The mount system structural and vibration isolation requirements were established early in the design phase. This was done through trade studies, incorporating the many years of experience of LORD in designing and developing aircraft engine isolation systems. The technology used for the system was adapted from current elastomeric, metallic and Fluidlastic engine mount systems to the requirements of this engine. Manufacture of components used LORD aerospace quality system. Bench testing was conducted at LORD using methods established for certification testing of engine mount systems. Details on how LORD utilised, adapted and extended current technology to meet the requirements of the program are shown in the work package response.
The goals of this project, for LORD, was to create an engine mount system capable of mounting the open rotor engine demonstrator. As such, the primary objectives of this project were:
- Mount the SAGE2 open rotor engine demonstrator to the test stand;
- Evaluate innovative noise control means within the mounting system;
- Assess certification challenges as they may pertain to the engine mounting system;
- Effectively transfer engine mounting design knowledge from the US technical centre to the European based technology group.
LORD successfully delivered the Engine Mount System to the Topic Manager in October 2016, before the end of the project and in time for the assembly operation of the entire engine by the Topic Manager.
This system has been entirely designed, built and tested through LORD European engineering team, which benefits from the many years of Experience of LORD Corporation in designing and developing aircraft engine attach and isolation system. The technology used for the system includes elastomeric components at the pylon interfaces, this technology provides the necessary compliance for the engine to operate efficiently and reduce the vibration transmission from to the pylon.
Topic Manager global engine dynamic model has been used to define the proper characteristics of the elastomeric components and provide the best vibration reduction while controlling the overall motion of the engine.

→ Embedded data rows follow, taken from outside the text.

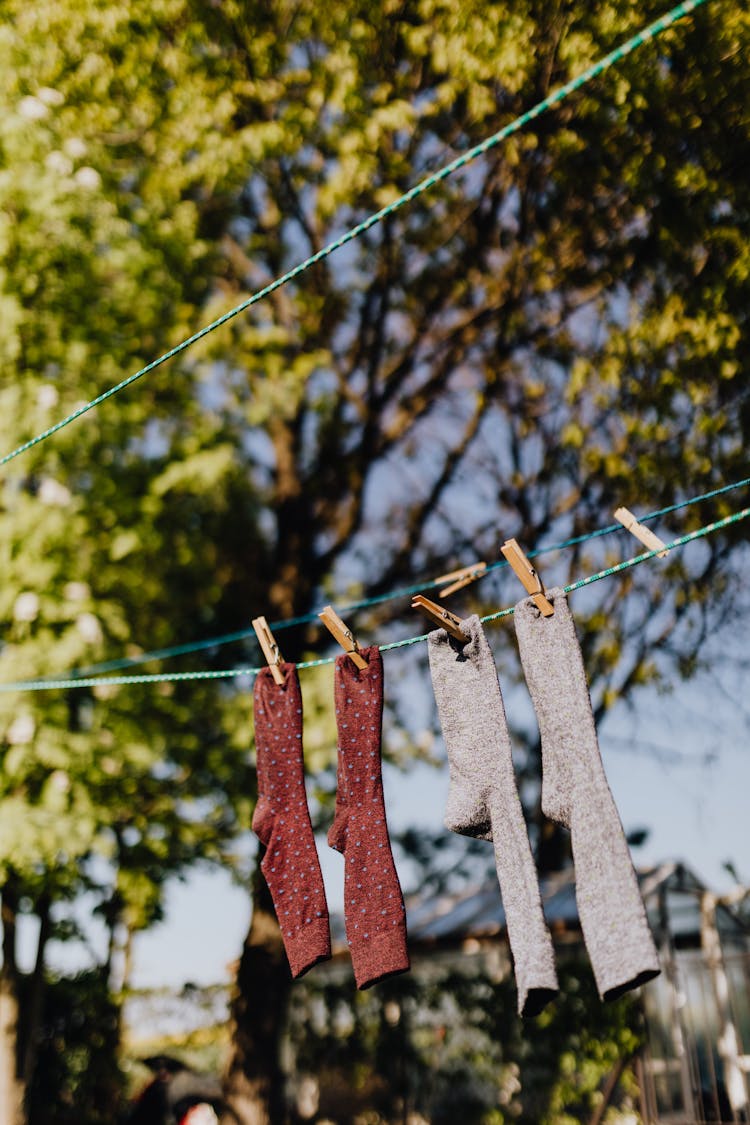 Clean Cotton Socks Drying On Clothesline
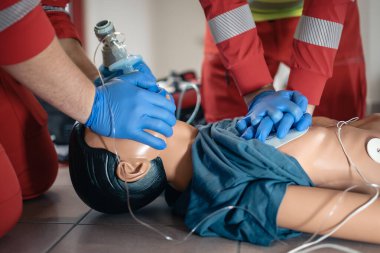 Diriltme sırasında doktor ve sağlık görevlilerinin elleri. Suni teneffüs eğitimi sırasında acil servis ekibi. Tema kurtarma, acil durum ve sağlık hizmetleri.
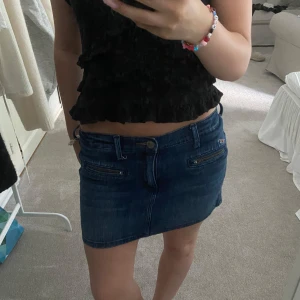 Mörkblå jeanskjol från Hollister - Säljer en snygg mörkblå jeanskjol från Hollister med två coola dragkedjedetaljer framtill. Kjolen är kort och har en figurnära passform som ger en trendig vibe. Den är i storlek w27 och perfekt nu till sommaren!🤗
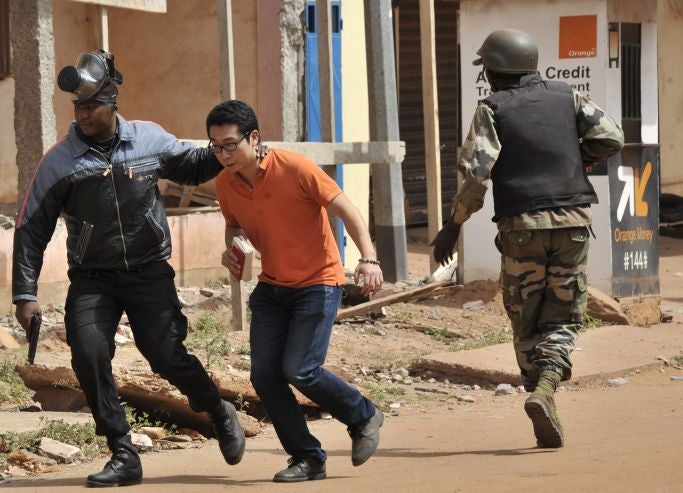 Malian security forces evacuate a man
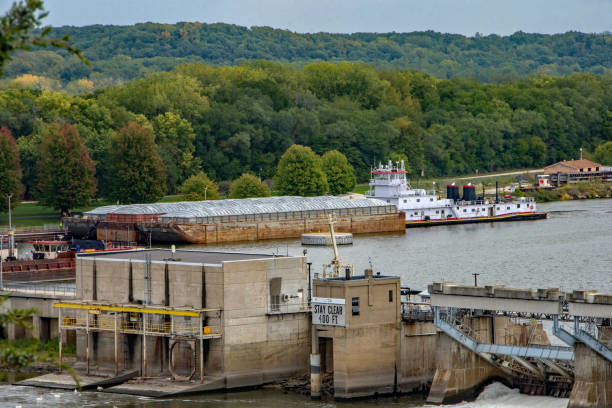 istock Starved Rock SP - Barge & Towboat Enter Lock on Illinois River 2084414255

Late involvement of LORD in this project, as well as the tight schedule and several update of the engine manufacturer requirements, limited the possibility to evaluate and develop innovative solutions to reduce noise and vibration.
Elastomeric components have been manufactured and tested in our US facilities, following the LORD aerospace Quality system, and test methodologies established for certification testing of engine mount systems.
The metallic structure has been designed and justified following the aerospace certification rules and requirements, so it can sustain the specified loads within the very challenging envelope space define to optimize the aerodynamic properties of the pylon.
The final design of the metallic structure was the result of multiple iterations based upon several update of loads requirements from the Engine Manufacturer affecting significantly the initial and update schedule and scope. LORD has leveraged its years of experience in project management in order to absorb the delays create by the update requirement and deliver the engine mount system in accordance to the engine manufacturer schedule.
The Open Rotor ground test was scheduled to start early 2017. LORD supported the engine manufacturer until the end of the project even if remaining activities are not going to be covered by the CleanSky initiatives.